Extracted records
══════════════════════════════

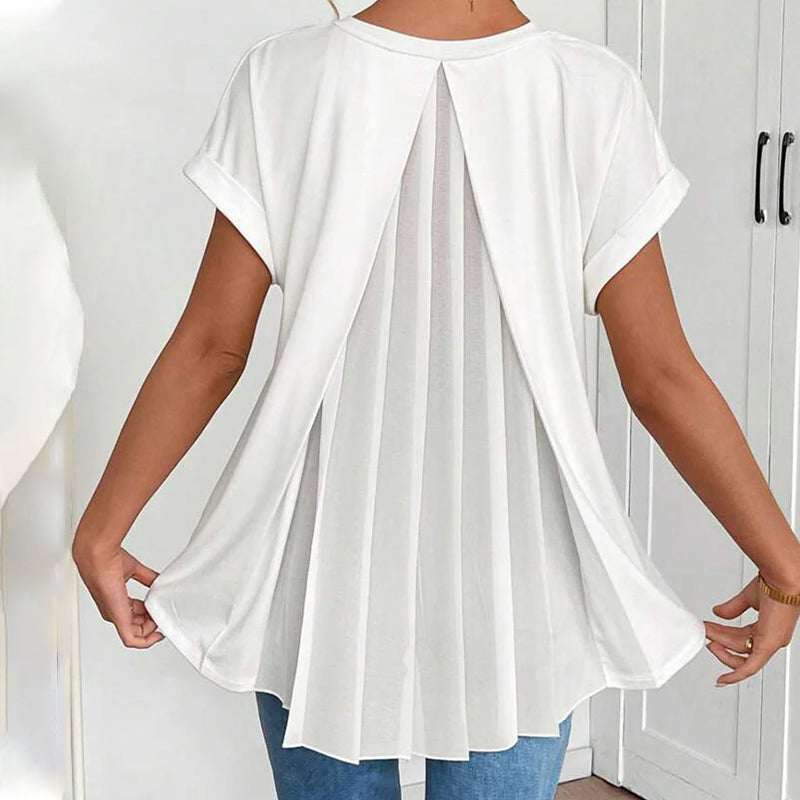 VELLORÉ | Blusa plisada de manga corta para mujer - chic y femenina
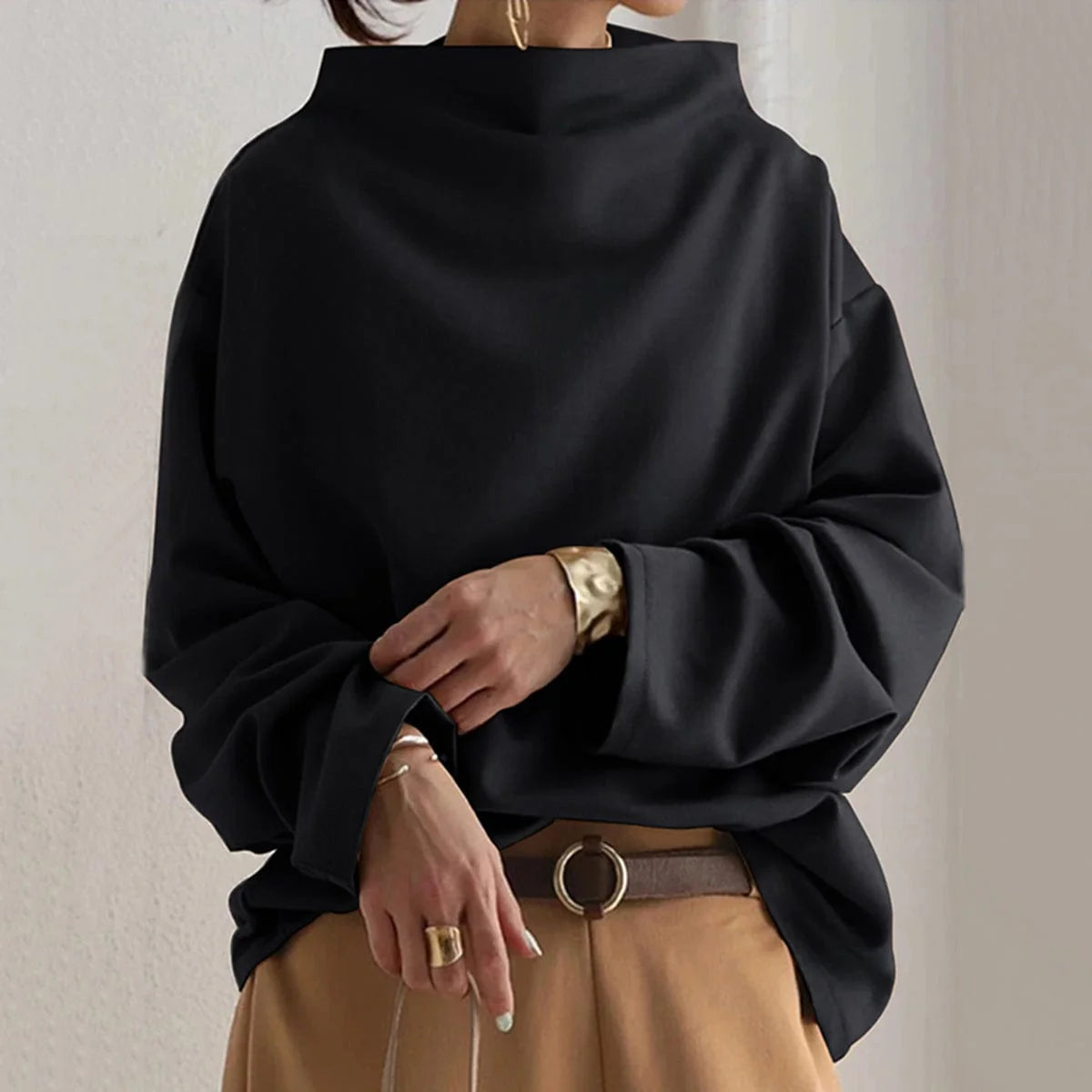 Women's High-Neck Relaxed Fit Casual Top 0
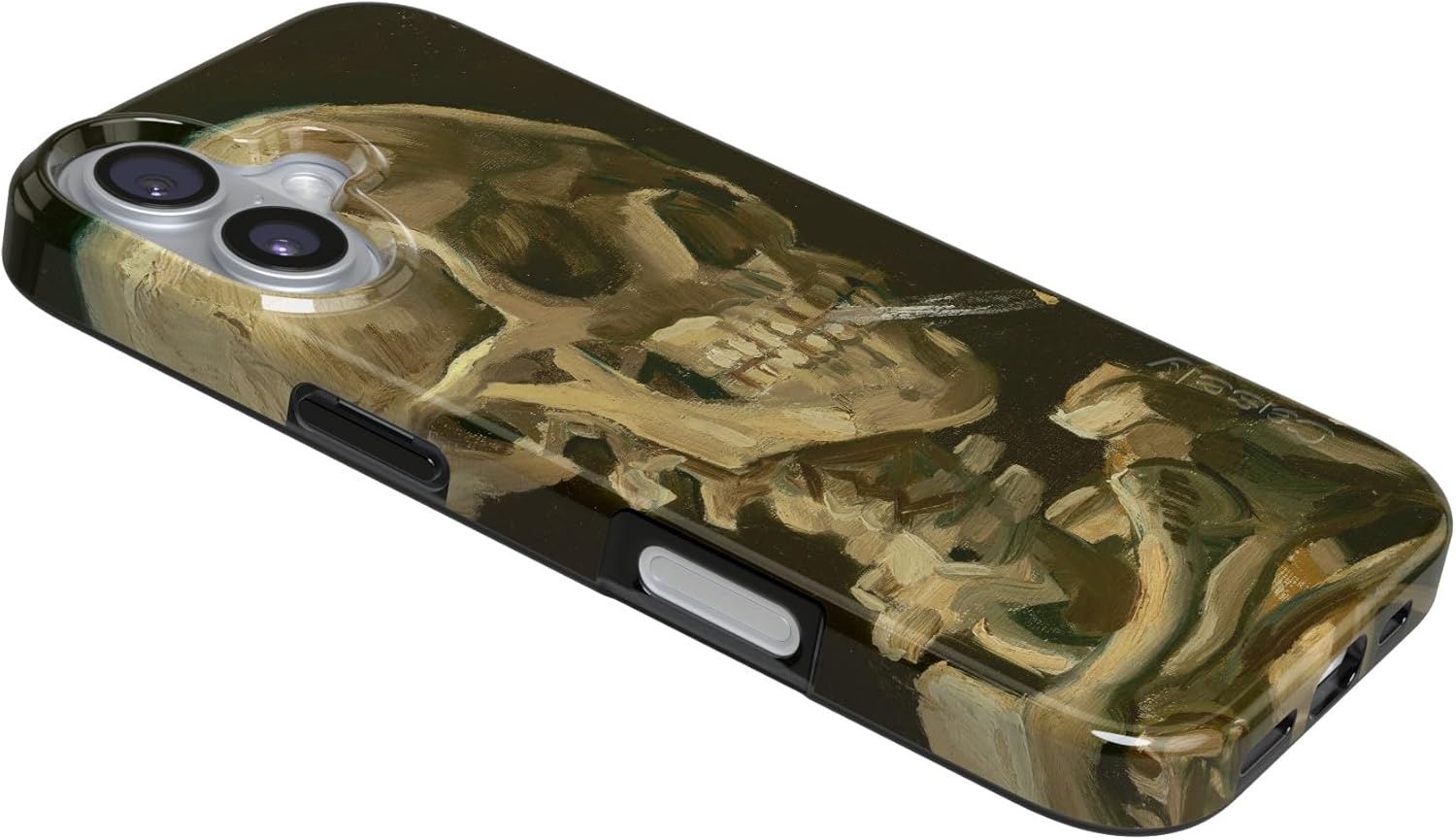 image:imageCasely iPhone 17 Case Scribble Me that Crayola Rainbow Pencil Compatible with MagSafe Classic Ultra Thin DesignVan Gogh Skull of a Skeleton with Burning Cig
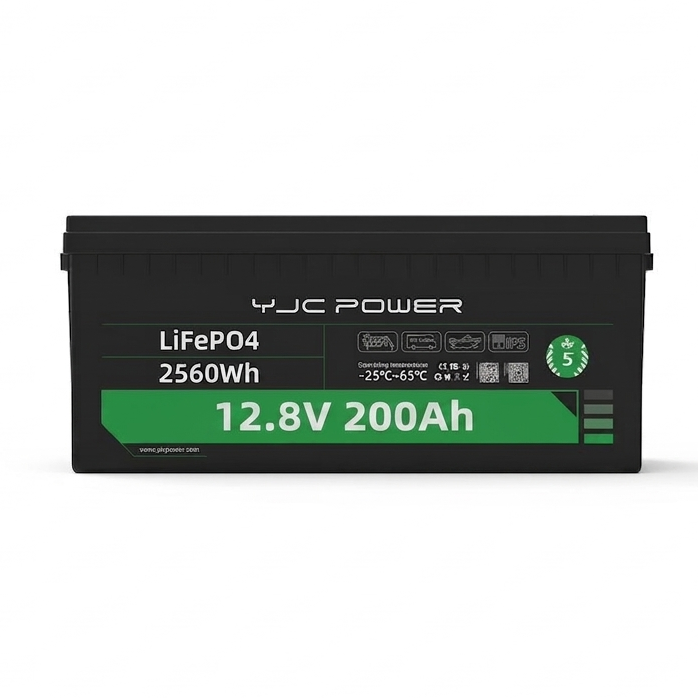 YJC Power YJC-LB-L-P-12200 12.8V 200Ah LiFePO4 Lithium Battery IP65 | 2560Wh Deep Cycle Battery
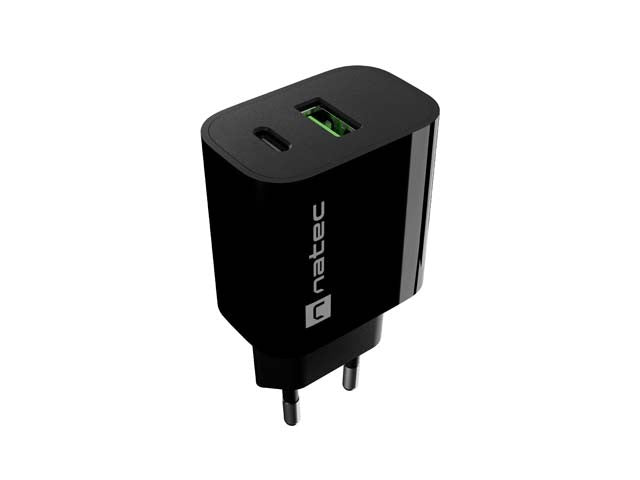 Încărcător de perete Ribera 1xUSB-A 1xUSB-C 20W Negru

══════════════════════════════

# ASSIGNMENT
Output each record above exactly as it stands, excluding all pictures.

# OUTPUT FOR THIS EXERCISE
 VELLORÉ | Blusa plisada de manga corta para mujer - chic y femenina
 Women's High-Neck Relaxed Fit Casual Top 0
 image:imageCasely iPhone 17 Case Scribble Me that Crayola Rainbow Pencil Compatible with MagSafe Classic Ultra Thin DesignVan Gogh Skull of a Skeleton with Burning Cig
 YJC Power YJC-LB-L-P-12200 12.8V 200Ah LiFePO4 Lithium Battery IP65 | 2560Wh Deep Cycle Battery
 Încărcător de perete Ribera 1xUSB-A 1xUSB-C 20W Negru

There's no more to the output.